The rand was a lot weaker on Wednesday morning‚ as the dollar built on its recent gains against a host of currencies amid chances of an increase in US interest rates by year-end.
The latest impetus for the greenback came from the US Federal Reserve chairwoman Janet Yellen‚ who on Tuesday reaffirmed the commitment to gradually increase the rates despite inflation running below its 2% target range.
Higher rates in the US tend to affect fund flows to emerging markets — a point raised by Reserve Bank governor Lesetja Kganyago last week when he chose to keep local rates on hold.

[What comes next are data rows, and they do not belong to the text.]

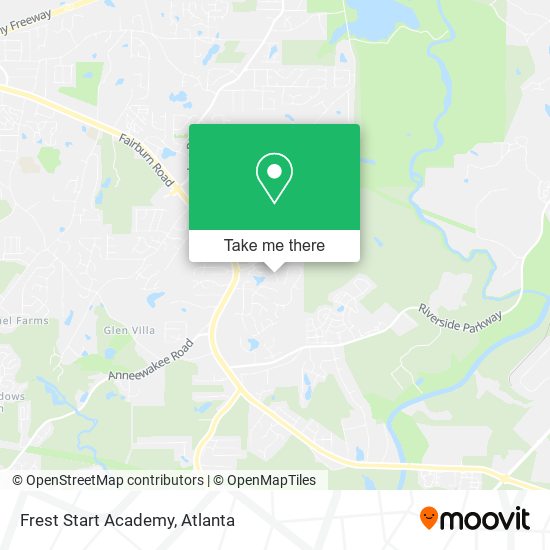 Mapa de Frest Start Academy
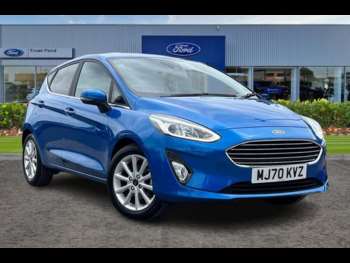 Used Ford Fiesta 2020 for sale - 75084586: Photo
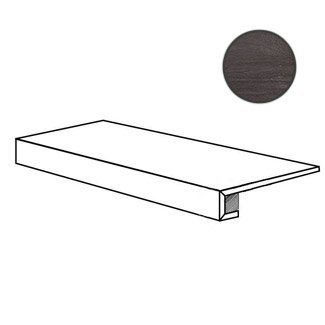 Betonwood Mud TTBW04GT ступени Terratinta, Италия, 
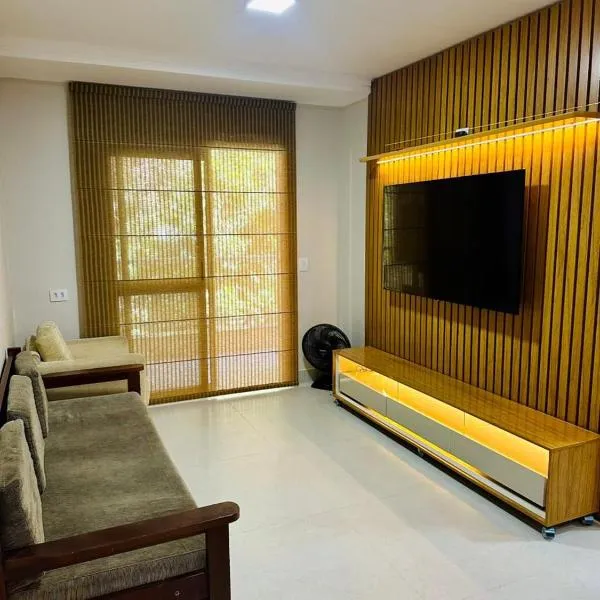 Apartamento moderno, apenas 190mt Praia Grande, hotel a Ubatuba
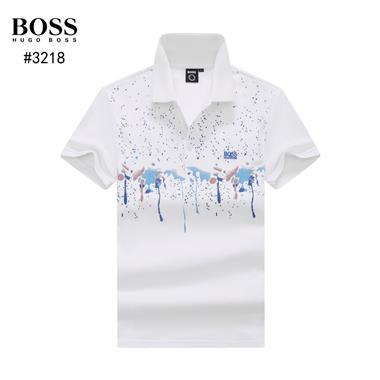 BOSS   2024夏季新款短袖POLO衫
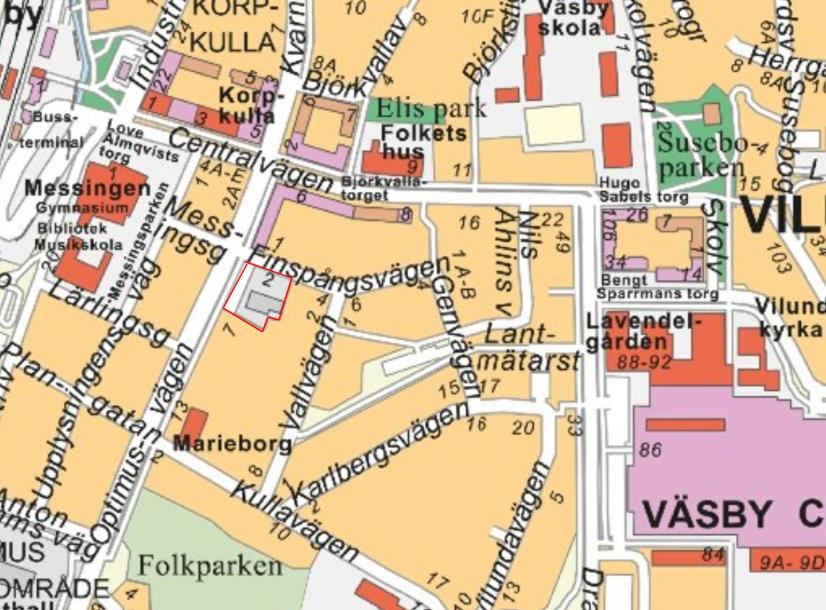 Bilaga A OMRÅDET Vilunda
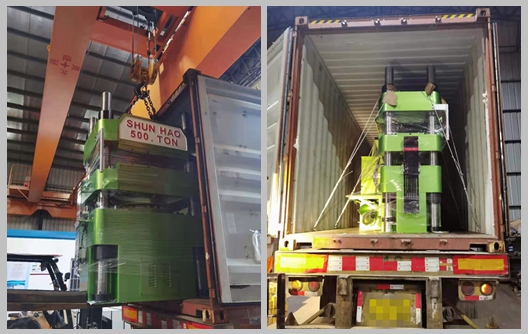 hydraulic melamine ware compression machine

Yield-seeking foreigners have bought a net R70.4bn worth of local bonds so far in 2017‚ according to the JSE data.
“We warned last month that the rand may be the so-called ‘canary in a coal mine’ for EM [emerging markets] and needs to be watched closely‚” said Win Thin‚ global head of emerging market currency strategy at Brown Brothers Harriman.
“We focus on the rand because we think it has been one of the biggest beneficiaries of the quest for yield by investors. Yet the rand has always been one of our least favourite EM currencies. SA comes with very weak fundamentals‚ as well as heightened political and downgrade risks.”
As recently as three weeks ago‚ the rand bought a single dollar R12.74 before weakening sharply as the dollar strengthened.
At 9.26am‚ the rand was at R13.4683 to the dollar from R13.3774‚ at R15.8222 to the euro from R15.7772 and at R18.0159 to the pound from R18.0053.
The euro was at $1.1748 from $1.1783.